> [Try it]
None of the images should appear in your copy. Transcribe the data in full.

> [Data listing]
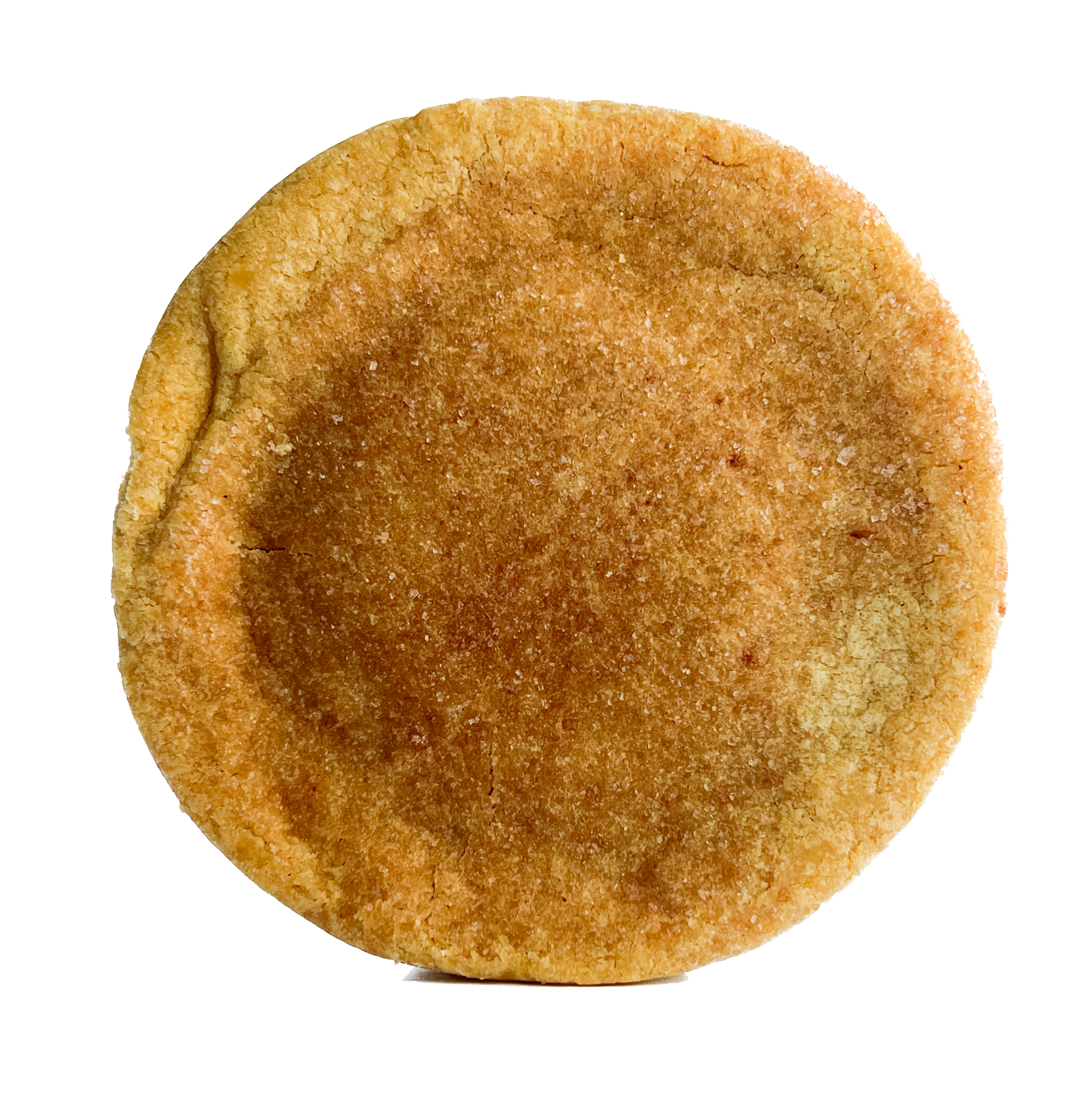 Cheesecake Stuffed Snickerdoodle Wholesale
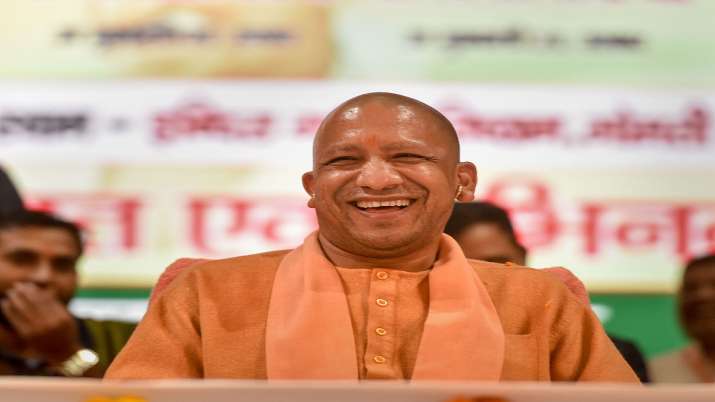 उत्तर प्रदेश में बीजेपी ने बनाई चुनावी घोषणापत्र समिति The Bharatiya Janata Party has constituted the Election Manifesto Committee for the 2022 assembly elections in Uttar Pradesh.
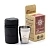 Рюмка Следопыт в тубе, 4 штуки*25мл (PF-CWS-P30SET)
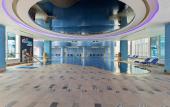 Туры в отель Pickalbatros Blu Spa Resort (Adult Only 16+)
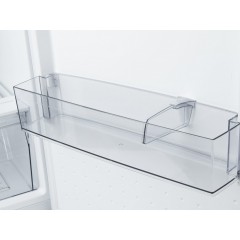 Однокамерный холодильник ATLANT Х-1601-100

> [Completed exercise]
 Cheesecake Stuffed Snickerdoodle Wholesale
 उत्तर प्रदेश में बीजेपी ने बनाई चुनावी घोषणापत्र समिति The Bharatiya Janata Party has constituted the Election Manifesto Committee for the 2022 assembly elections in Uttar Pradesh.
 Рюмка Следопыт в тубе, 4 штуки*25мл (PF-CWS-P30SET)
 Туры в отель Pickalbatros Blu Spa Resort (Adult Only 16+)
 Однокамерный холодильник ATLANT Х-1601-100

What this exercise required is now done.